• _Work instruction_:
Within the listing below, the lines to output run from the one containing "Telefonía básica. Instalación" through the one containing "36, LOOSEN DRIVE, MAIDENHEAD, SL6"; copy them exactly and nothing else.

• _Source material_:
* * * * * * * * *

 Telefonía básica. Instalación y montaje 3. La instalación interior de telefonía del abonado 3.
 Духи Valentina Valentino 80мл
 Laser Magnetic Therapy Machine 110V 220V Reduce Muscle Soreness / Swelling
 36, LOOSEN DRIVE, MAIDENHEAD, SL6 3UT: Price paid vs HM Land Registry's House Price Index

* * * * * * * * *

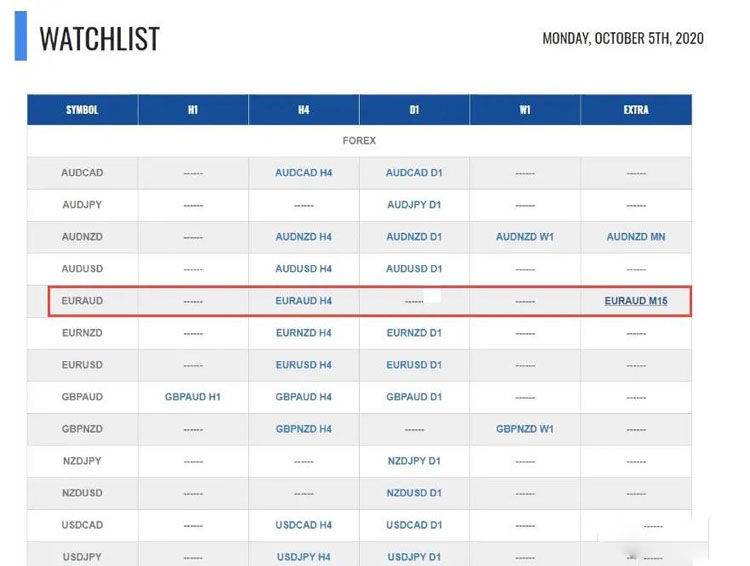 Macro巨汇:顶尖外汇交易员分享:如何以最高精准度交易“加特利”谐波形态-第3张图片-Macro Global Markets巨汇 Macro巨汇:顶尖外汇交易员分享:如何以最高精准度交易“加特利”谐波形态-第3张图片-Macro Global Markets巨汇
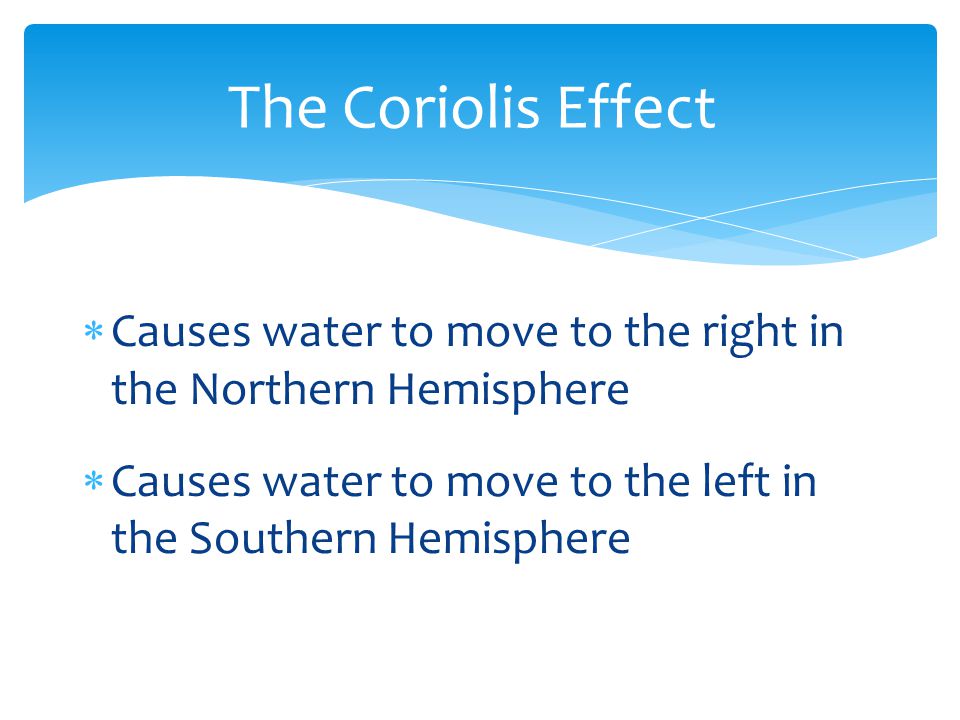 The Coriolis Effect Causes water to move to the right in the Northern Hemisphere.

* * * * * * * * *

• _Exercise output_:
 Telefonía básica. Instalación y montaje 3. La instalación interior de telefonía del abonado 3.
 Духи Valentina Valentino 80мл
 Laser Magnetic Therapy Machine 110V 220V Reduce Muscle Soreness / Swelling
 36, LOOSEN DRIVE, MAIDENHEAD, SL6 3UT: Price paid vs HM Land Registry's House Price Index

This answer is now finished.